Start of Entries shown
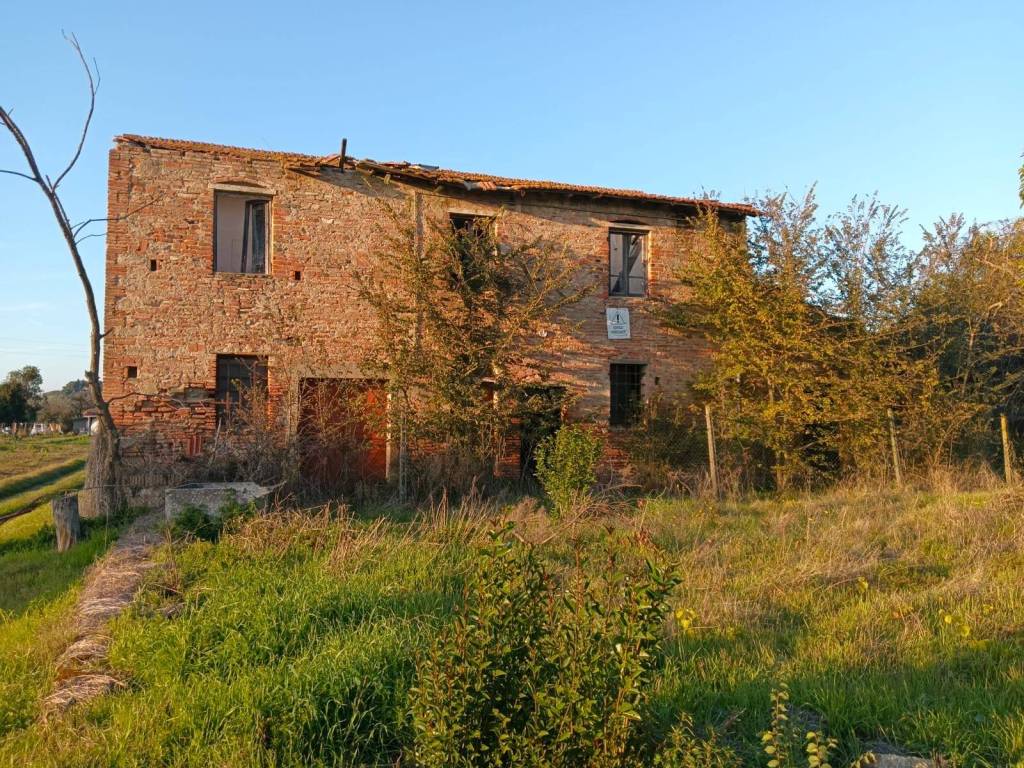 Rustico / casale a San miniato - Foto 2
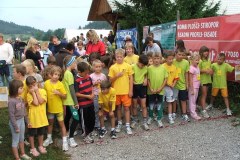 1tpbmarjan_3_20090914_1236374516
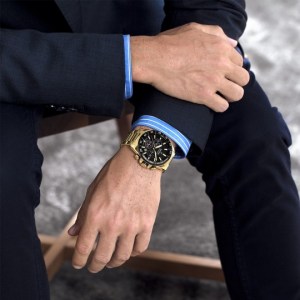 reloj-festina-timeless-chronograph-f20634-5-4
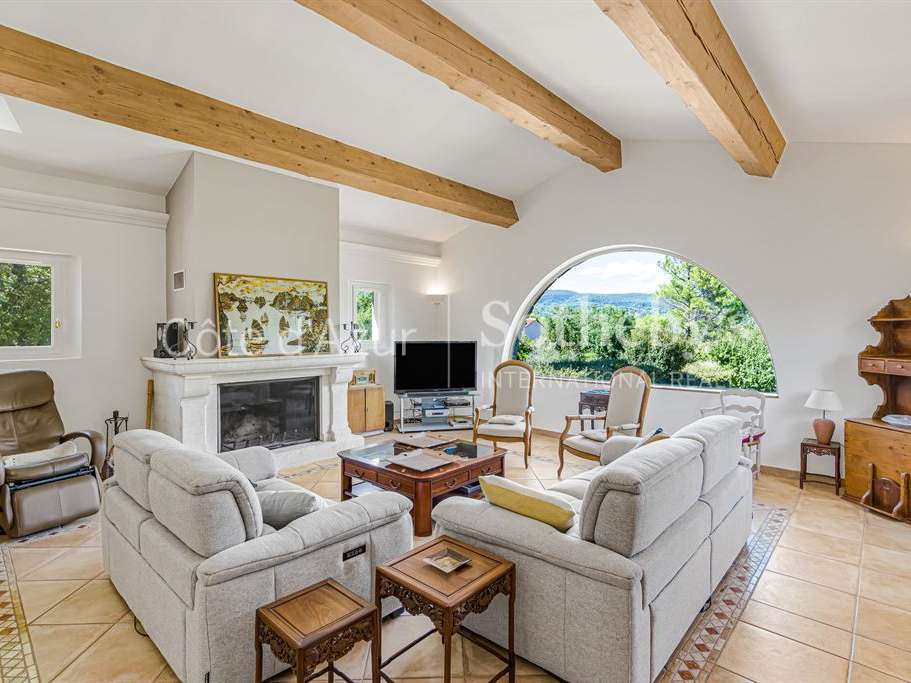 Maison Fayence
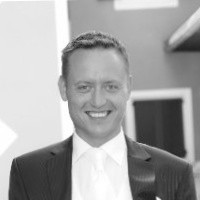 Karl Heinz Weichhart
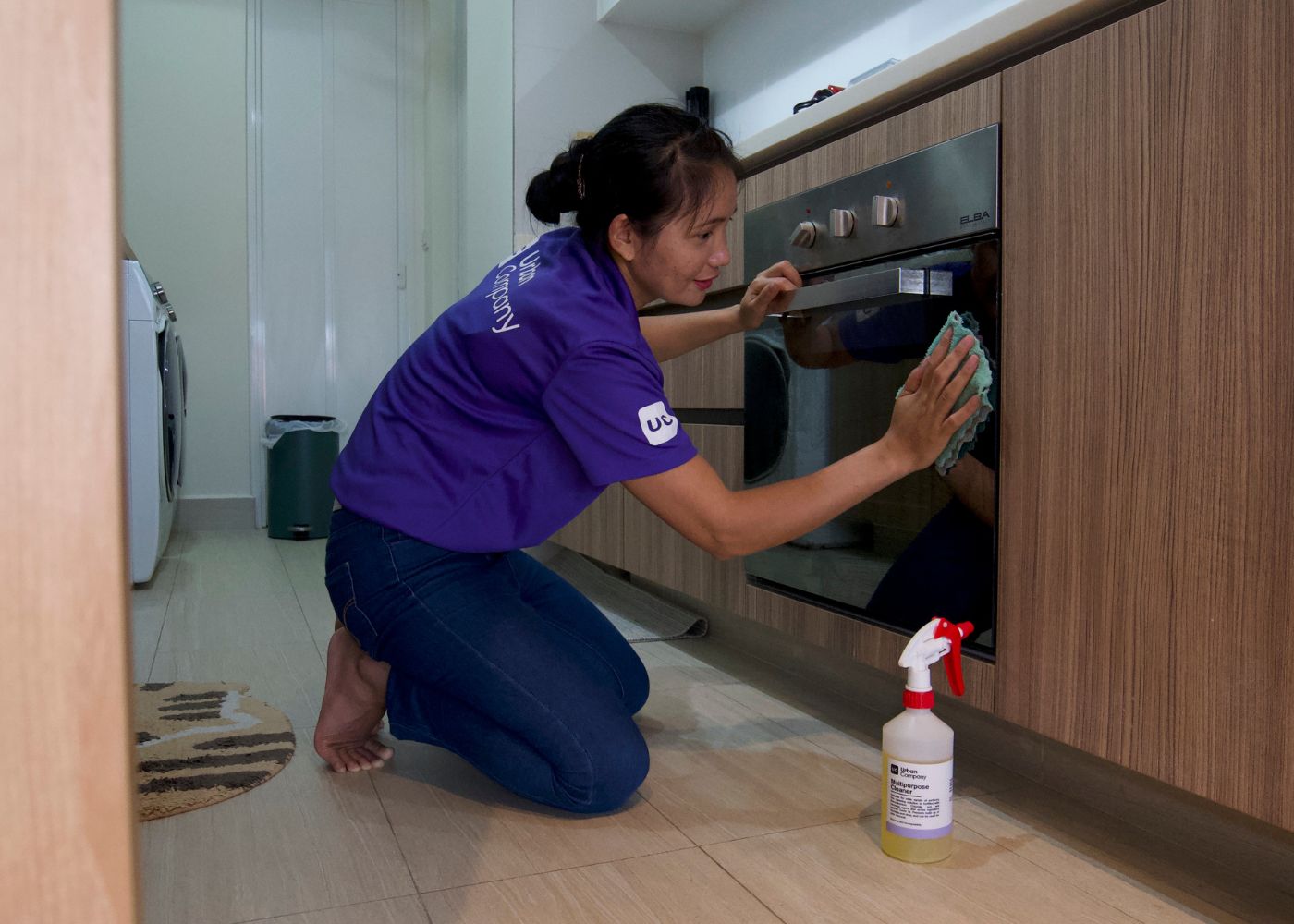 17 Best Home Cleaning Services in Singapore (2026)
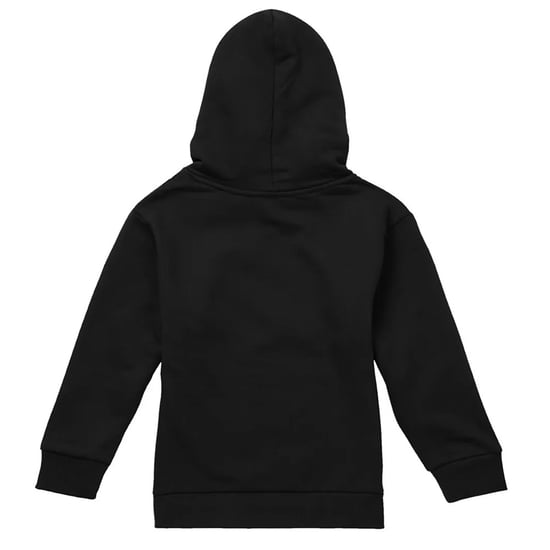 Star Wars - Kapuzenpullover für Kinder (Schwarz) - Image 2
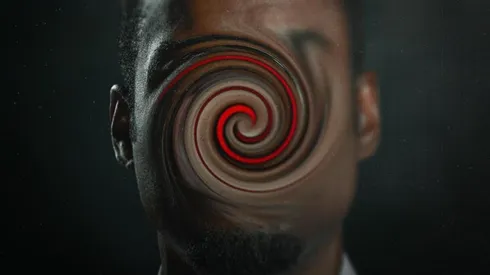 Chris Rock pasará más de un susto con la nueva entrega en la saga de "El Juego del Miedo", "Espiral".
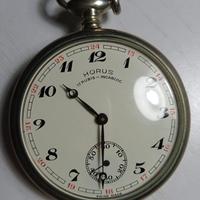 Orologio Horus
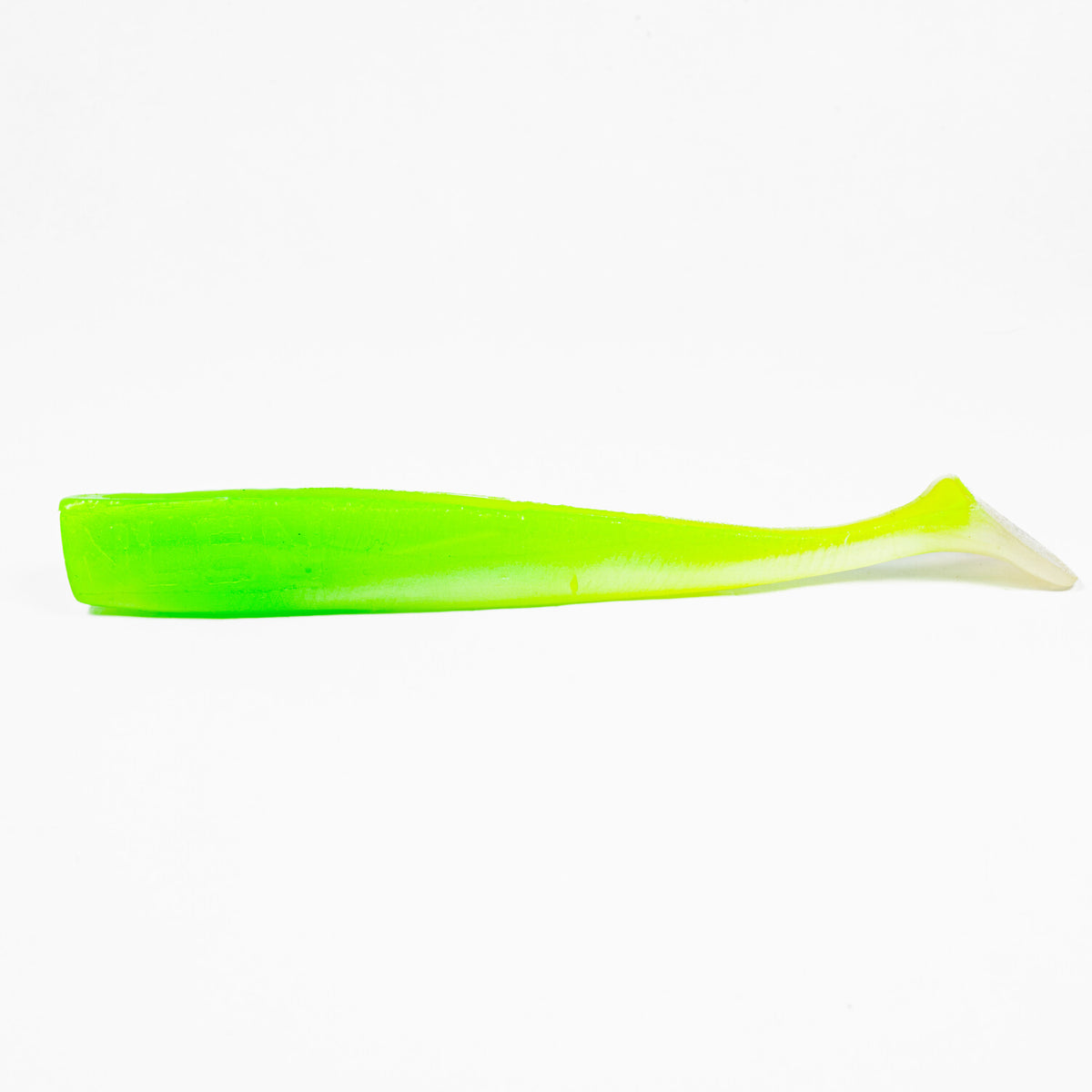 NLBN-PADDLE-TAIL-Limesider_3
End of Entries shown
Exercise objective: All that should appear in the response is the run of lines from the one with "Karl Heinz Weichhart" through the final line of the records, restated exactly, with pictures omitted.

Written response:
 Karl Heinz Weichhart
 17 Best Home Cleaning Services in Singapore (2026)
 Star Wars - Kapuzenpullover für Kinder (Schwarz) - Image 2
 Chris Rock pasará más de un susto con la nueva entrega en la saga de "El Juego del Miedo", "Espiral".
 Orologio Horus
 NLBN-PADDLE-TAIL-Limesider_3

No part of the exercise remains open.